▶ Activity:
Please filter the entries and return only the lines that include "pembelajaran".

Collected data entries:
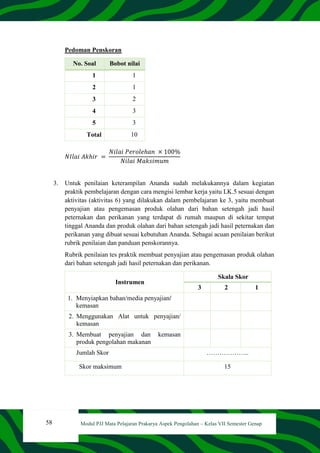 58 Modul PJJ Mata Pelajaran Prakarya Aspek Pengolahan – Kelas VII Semester Genap
Pedoman Penskoran
No. Soal Bobot nilai
1 1
2 1
3 2
4 3
5 3
Total 10
𝑁𝐼𝑙𝑎𝑖 𝐴𝑘ℎ𝑖𝑟 =
𝑁𝑖𝑙𝑎𝑖 𝑃𝑒𝑟𝑜𝑙𝑒ℎ𝑎𝑛 × 100%
𝑁𝑖𝑙𝑎𝑖 𝑀𝑎𝑘𝑠𝑖𝑚𝑢𝑚
3. Untuk penilaian keterampilan Ananda sudah melakukannya dalam kegiatan
praktik pembelajaran dengan cara mengisi lembar kerja yaitu LK.5 sesuai dengan
aktivitas (aktivitas 6) yang dilakukan dalam pembelajaran ke 3, yaitu membuat
penyajian atau pengemasan produk olahan dari bahan setengah jadi hasil
peternakan dan perikanan yang terdapat di rumah maupun di sekitar tempat
tinggal Ananda dan produk olahan dari bahan setengah jadi hasil peternakan dan
perikanan yang dibuat sesuai kebutuhan Ananda. Sebagai acuan penilaian berikut
rubrik penilaian dan panduan penskorannya.
Rubrik penilaian tes praktik membuat penyajian atau pengemasan produk olahan
dari bahan setengah jadi hasil peternakan dan perikanan.
Instrumen
Skala Skor
3 2 1
1. Menyiapkan bahan/media penyajian/
kemasan
2. Menggunakan Alat untuk penyajian/
kemasan
3. Membuat penyajian dan kemasan
produk pengolahan makanan
Jumlah Skor ………………..
Skor maksimum 15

▶ Result:
praktik pembelajaran dengan cara mengisi lembar kerja yaitu LK.5 sesuai dengan
aktivitas (aktivitas 6) yang dilakukan dalam pembelajaran ke 3, yaitu membuat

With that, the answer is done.